11.48

Bundesrätin Johanna Miesenberger (ÖVP, Oberösterreich): Geschätzter Herr Prä­sident! Geschätzte Frau Bundesministerin! Liebe Kolleginnen und Kollegen! Geschätz­tes Hohes Haus! Um es kurz zusammenzufassen: Acht Millionen Tier- und Pflanzen­arten, zu Land und zu Wasser, gibt es weltweit. Laut Umweltbundesamt gibt es Schät­zun­gen von zweieinhalb bis zu 30 Millionen Arten weltweit, und davon sind nur 1,7 Millionen wissenschaftlich erfasst. Die Schöpfung ist also selbst für uns Menschen kaum begreifbar und erfassbar.

In den Tropen – in den Tropenwäldern – sind 50 bis 70 Prozent der Tier- und Pflan­zen­arten beheimatet, manche Schätzungen ergeben sogar bis zu 90 Prozent. Der Ama­zonasregenwald hat somit nicht nur die Funktion der grünen Lunge inne, sondern ist auch ein Reservat der Artenvielfalt und der Biodiversität.

Über eine immense Artenfülle von Flora und Fauna verfügen auch die Korallenriffe, die nicht umsonst als Regenwald der Meere bezeichnet werden.
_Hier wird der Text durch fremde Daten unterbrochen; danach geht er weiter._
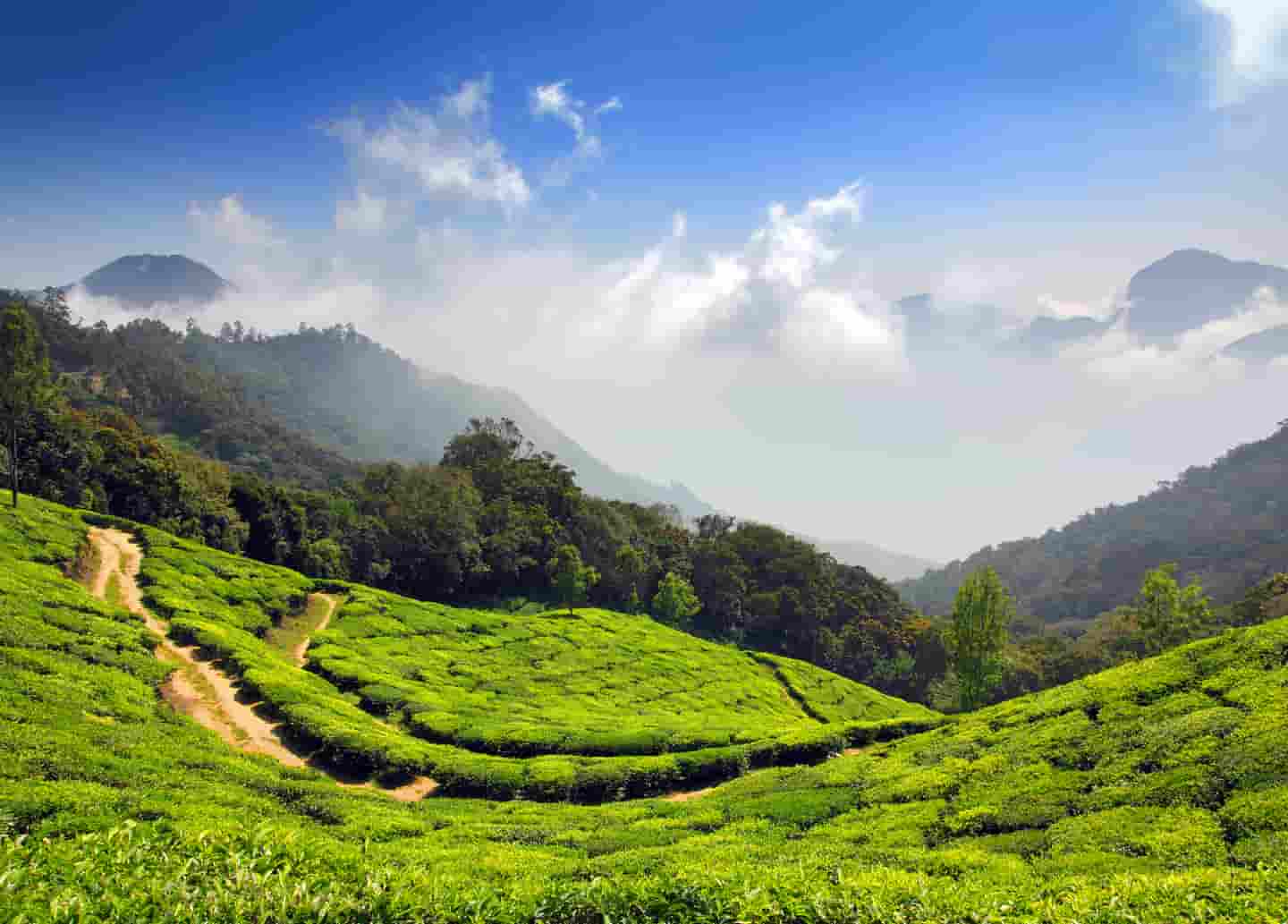 45 Amazing Hill Stations in India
Der Weltbiodiversitätsrat der Vereinten Nationen sieht in seinem Bericht von 2019 eine Million Tier- und Pflanzen­arten als gefährdet und vom Aussterben bedroht.
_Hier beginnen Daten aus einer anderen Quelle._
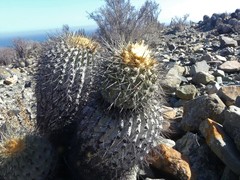 Copiapoa gigantea
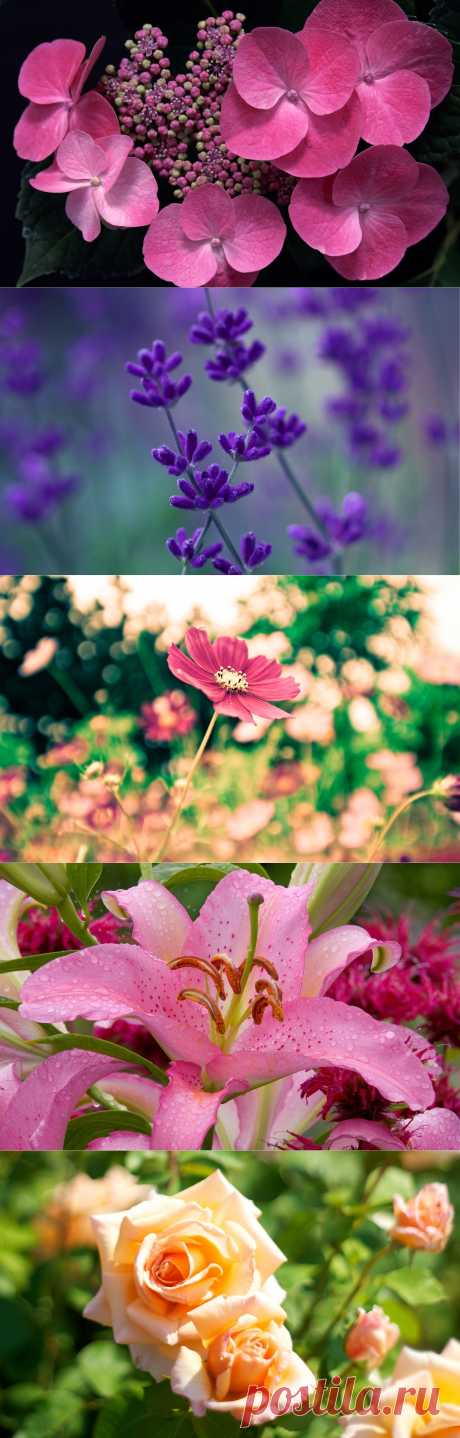 Просто цветы для хорошего настроения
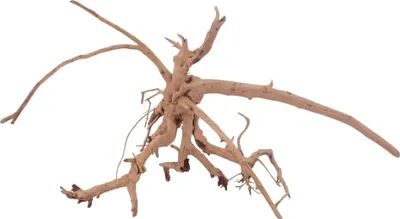 Produktbild von L Siennawurzel Nr.3282 Wurzel Holz Aquarium Deko Aquascaping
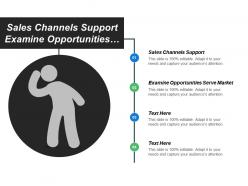 Sales channels support examine opportunities serve market value documents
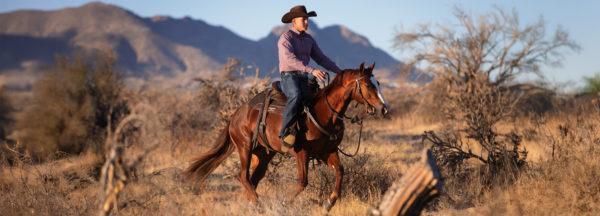 Controlled-Cruising-Exercise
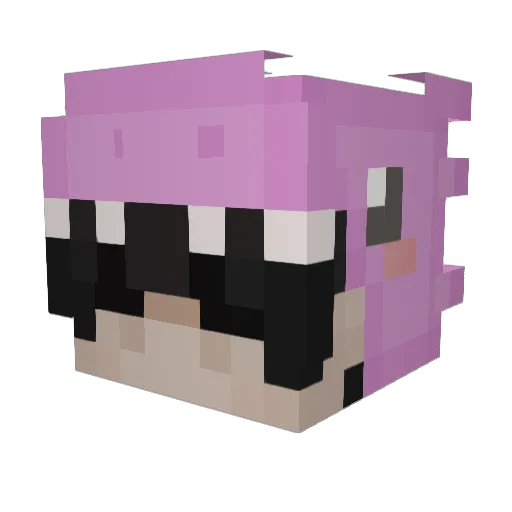 AIROLL_ Minecraft avatar head, 3D render
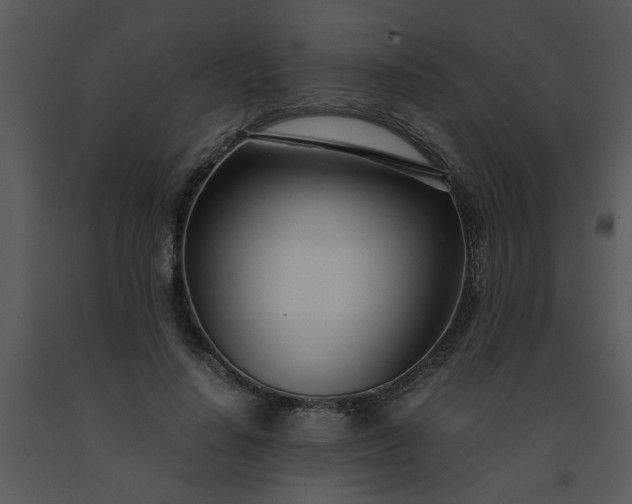 X0000091450644200708301811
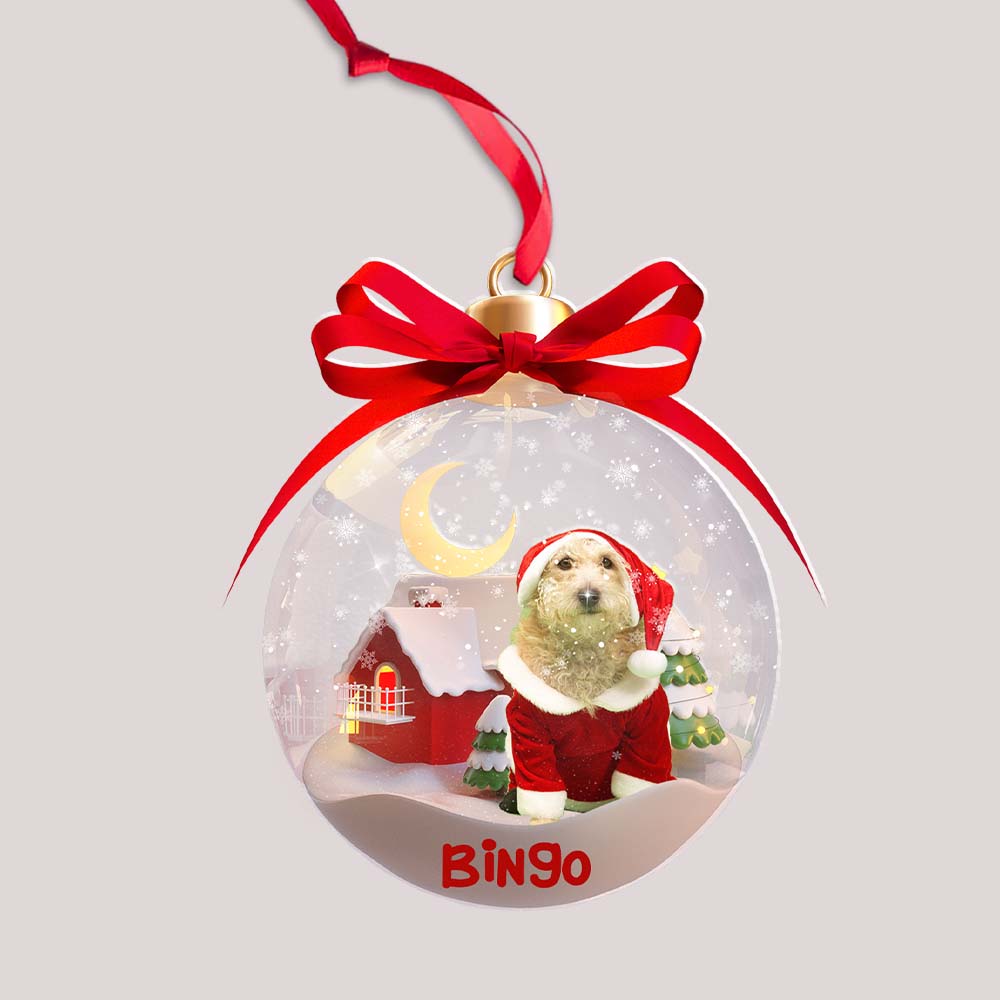 Blisscorners Christmas Pet In Ball - Custom Photo And Name, Personalized Acrylic Ornament - Gift For Christmas, Gift For Pet Lover2D Flat LM2111
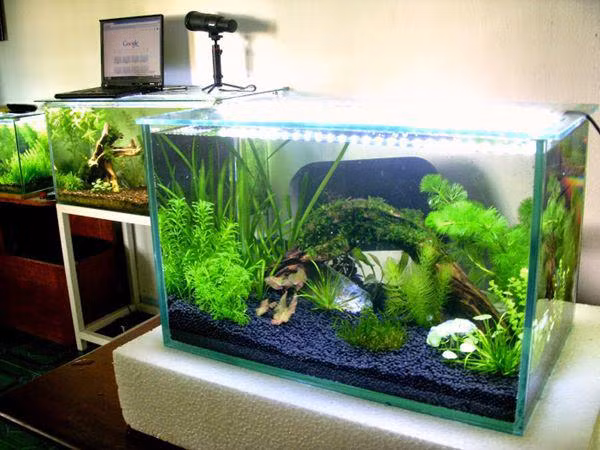 Tuyệt đối tránh đặt bể cá phong thủy ở vị trí chịu ảnh hưởng bởi ánh sáng trực tiếp từ mặt trời hoặc ánh điện trong nhà. Không nên đặt bể cá bên trái cửa chính vì đó là vị trí xấu, không mang đến điềm lành.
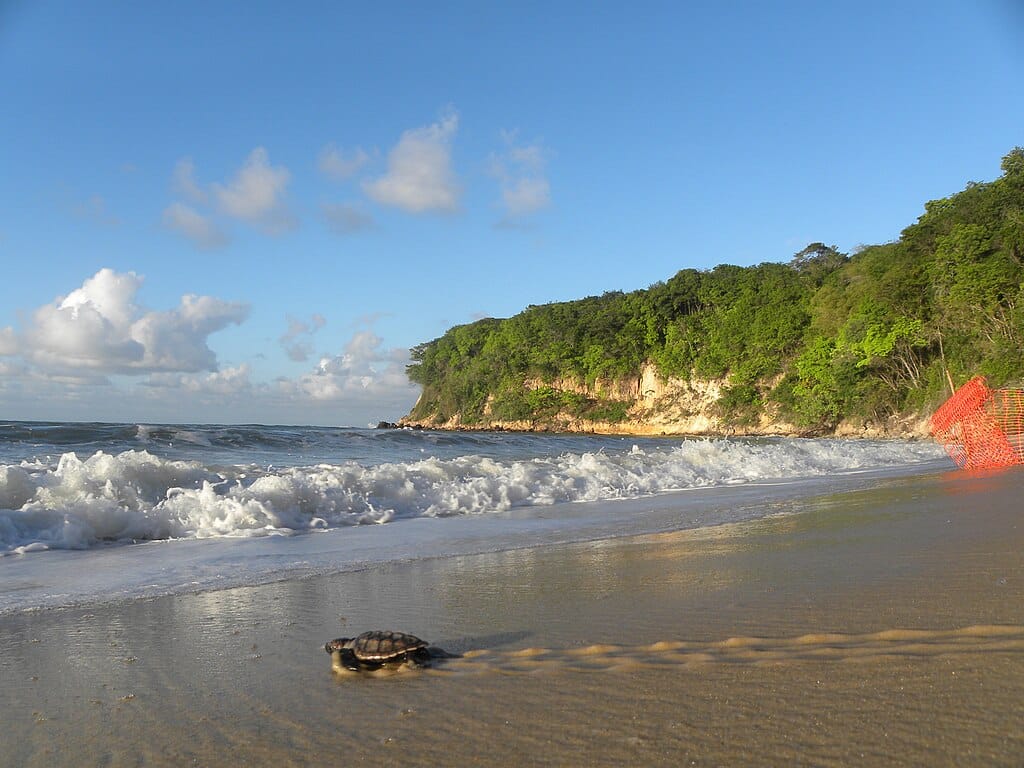 Tartaruga em uma praia de areia com ondas suaves, um penhasco com vegetação exuberante ao fundo e uma pequena seção de rede laranja.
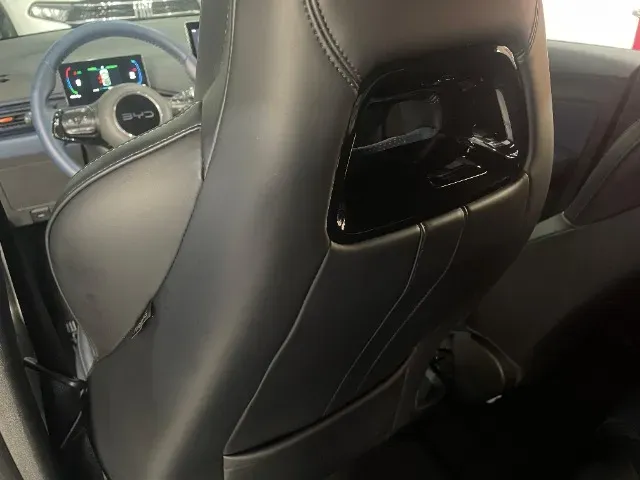 BYD Dolphin Mini - Imagem 12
Die Gründe sind schon vielfach angeführt worden – sie sind komplex –, und die Folgen davon sind auch global weitreichend. Durch das Wachstum der Weltbevölkerung seit den Siebzigerjahren um fast 100 Prozent und eine weitere Urbanisierung seit 1992 sind die Städte um 100 Prozent gewachsen. Unser Konsum, unsere Wohlstandsentwicklung und der Ressourcenverbrauch steigen. Der globale Temperaturanstieg und die Klima­veränderung allgemein sind massive Bedrohungen für viele Tier- und Pflanzenarten.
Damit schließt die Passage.